Panel 2: Trends of Services and Cloud Computing
This panel included Andrzej Goscinski (School of IT, Deakin University Australia), Hemant K. Jain (Tata Consulting Services Professor, University of Wisconsin at Milwaukee) and Min Lou (IBM). Each panellist gave a 15-minute presentation on their thoughts about trends in cloud computing. I don’t think anything new was said here, the usual comparisons of electricity and commuting as a utility were brought up.

An Architecture for a Mashup Container in Virtualized Environments (CLOUD2010-3049)
Michele Stecca and Massimo Maresca(DIST University of Genova; DEI University of Padova, Italy)
A reference model for event driven composite services or mash-ups. Based on the idea that a resource can be monitored and users can be notified when something interesting happens.

Mining Twitter in the Cloud: A Case Study (CLOUD2010-3014)
Pieter Noordhuis, Michiel Heijkoop, and Alexander Lazovik (University of Groningen, The Netherlands)
An interesting talk about how to use EC2 to create social graph from twitter that has 50 million nodes and 1.8 billion edges, not too sure if I understood the motivations for doing this work but nonetheless it was an interesting case study. Their main finding was that you should create customized and basic analysis services yourself and deploy them on EC2 instances, and not use AWS’s SQS or SimpleDB as they would be expensive.

Cloud Computing: A Digital Libraries Perspective (CLOUD2010-3015)
Pradeep Teregowda, Bhuvan Urgaonkar, and C. Lee Giles (Pennsylvania State University, USA)
An interesting case study of the feasibility of migrating CiteSeerX (which is deployed on physical 22 servers) from their in-house data centre to Amazon EC2 to take advantage of the cloud’s elasticity but also to free them from hardware maintenance so they can focus on software improvements.

A Lifetime Supporting Framework for Cloud Applications (CLOUD2010-3046)
Shigeru Hosono, He Huang, Tatsunori Hara, Yoshiki Shimomura, and Tamio Arai(NEC Corporation, Japan; NEC Advanced Software Technology (Beijing) Co., Ltd., China; The University of Tokyo; Tokyo Metropolitan University, Japan)
A suite of tools being developed at NEC (for NEC’s use, not open source) for the development and maintenance of applications for the cloud.
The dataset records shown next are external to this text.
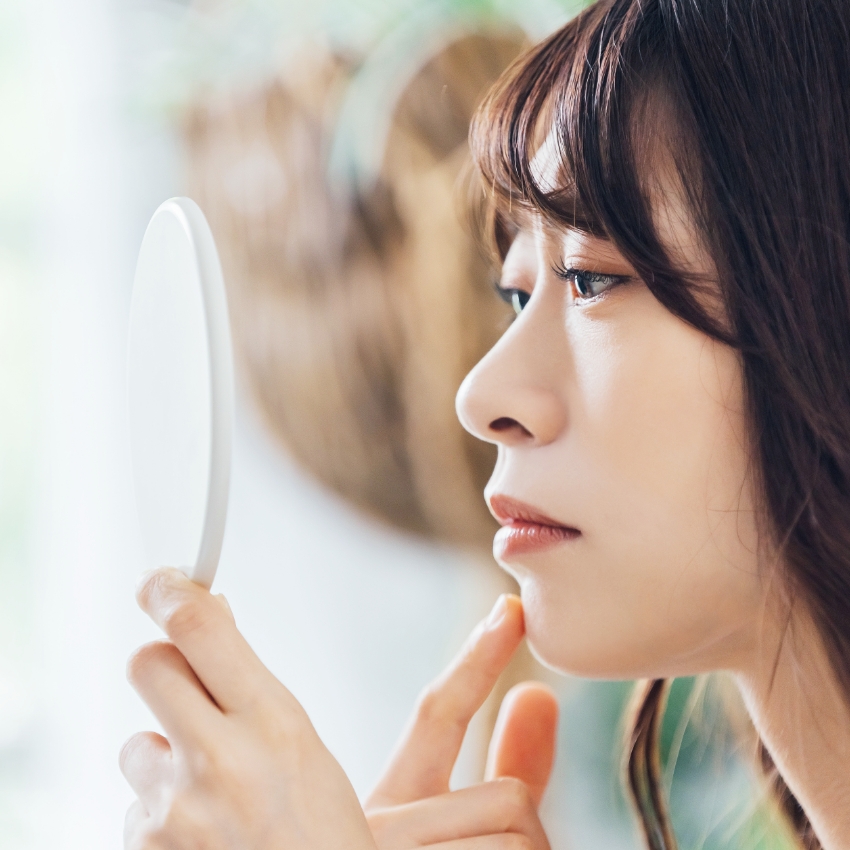 八重歯の悩み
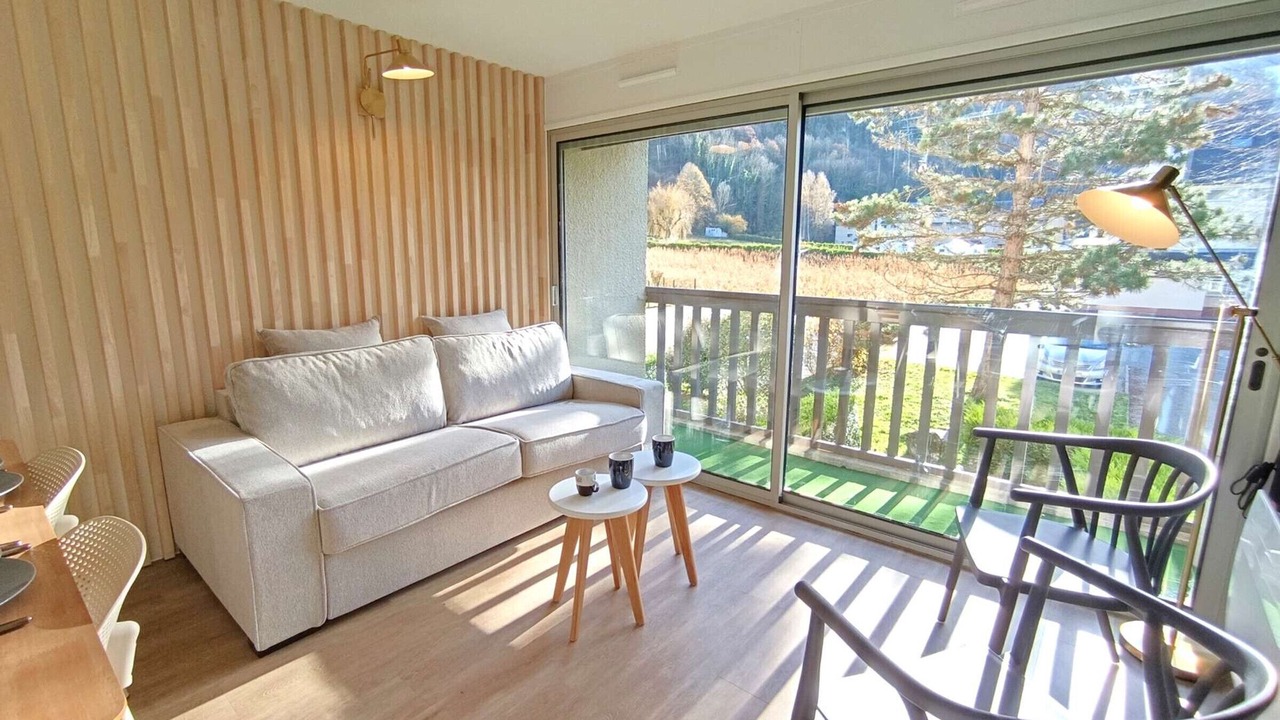 Photo of Livingroom in Saint-Lary-Soulan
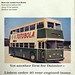 Lisbon's first rear-engined buses
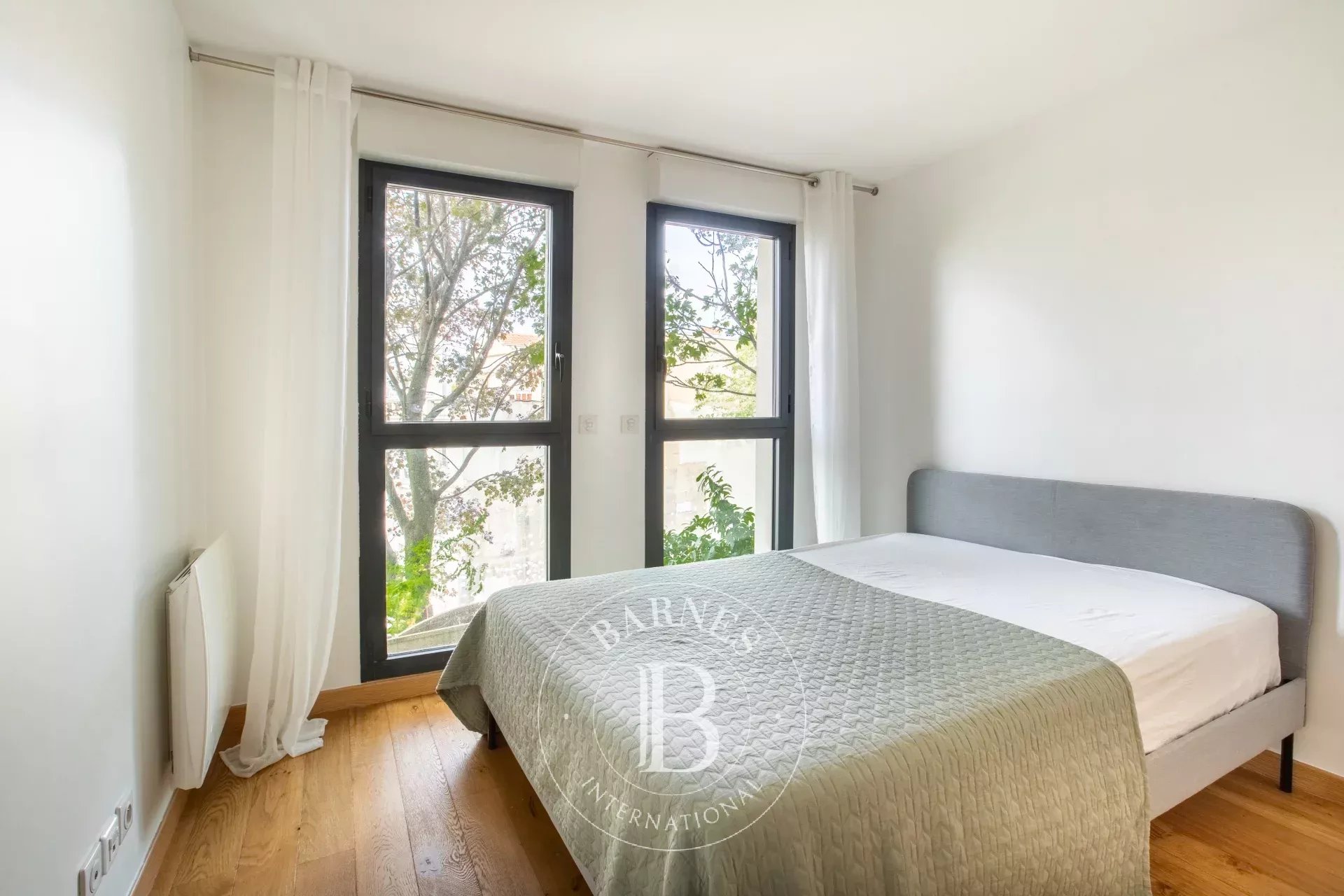 Daire Paris 19ème - picture 12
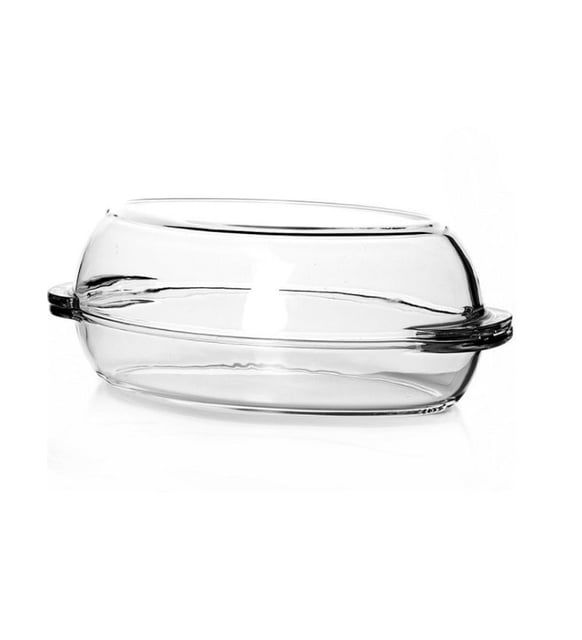 Paşabahçe 59062 Borcam Oval Orta Kapaklı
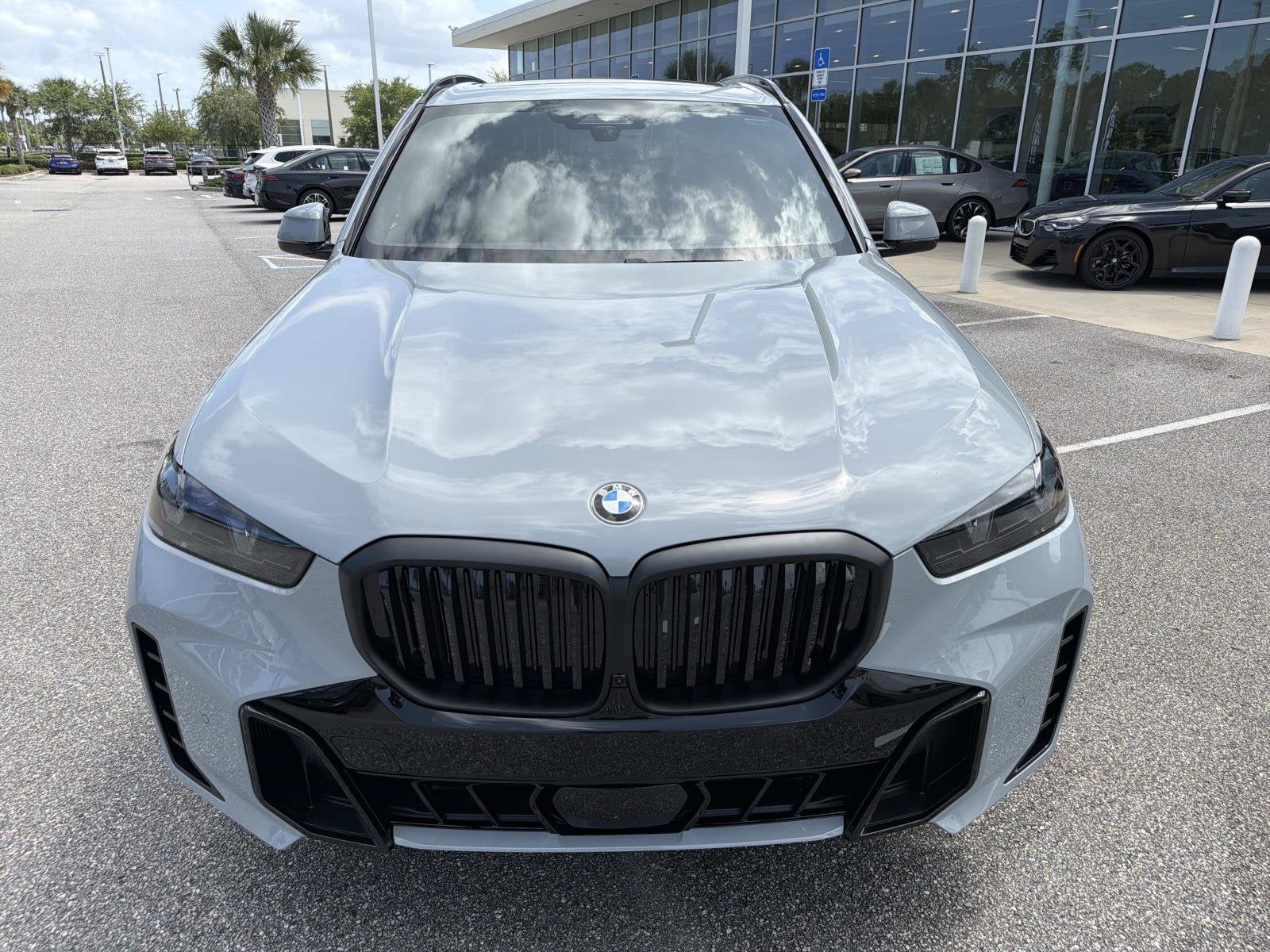 2026 BMW X5 sDrive40i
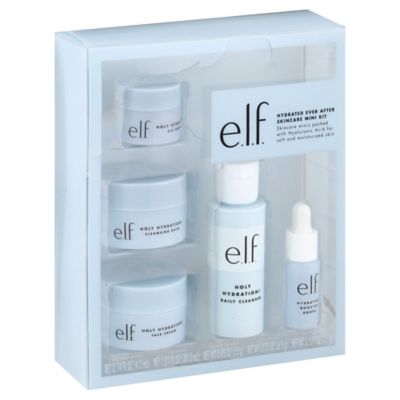 e.l.f. Hydrated Ever After Skin Mini Kit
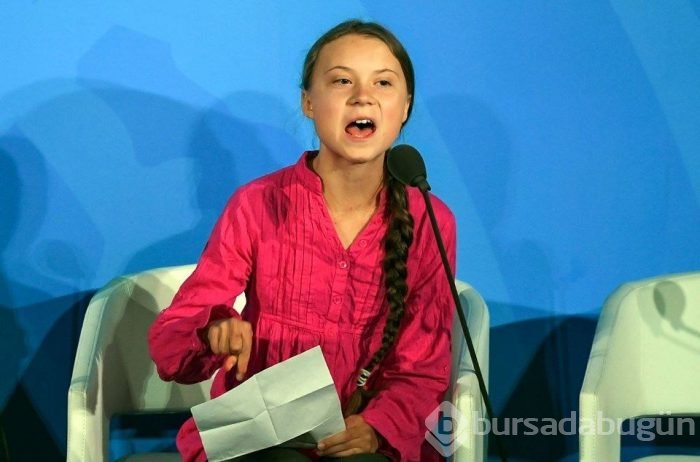 Kim Kardashian'dan Greta Thunberg'e akşam yemeğine davet etti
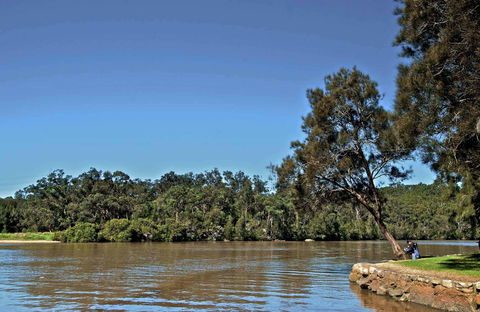 Georges River National Park - Accommodation Sydney 0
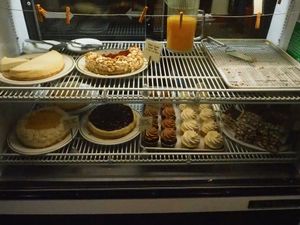 sweets at The Butcher's Son in Berkeley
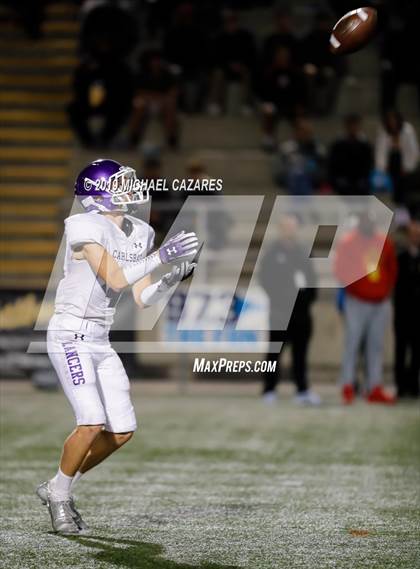 Thumbnail 1 in Helix vs. Carlsbad (CIF SDS Open Championship) photogallery.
Based on a heavy-weight lifecycle management approach that can be customized for each application development project.

Maximizing Cloud Providers' Revenues via Energy Aware Allocation Policies (CLOUD2010-3017)
Michele Mazzucco, Dmytro Dyachuk, and Ralph Deters (University of Cyprus, Cyprus; University of Saskatchewan, Canada; University of Tartu, Estonia)
Presented the results of simulations that were used to show how cloud providers could increase their revenues by shutting down idle physical servers and moving their VMs to other servers (i.e. load skewing). Tried to address the problem of deciding how many servers to keep switched on in a data centre by using different heuristics. They didn’t actually consider how the performance of applications would be affected by load skewing, and assumed that one VM would run on one core. They also didn’t consider the increased heat production and the cost of cooling the over-utilized servers.

Panel 3: Killer Applications in the Cloud
An interesting panel, but many of the issues that were mentioned have already been discussed in the literature.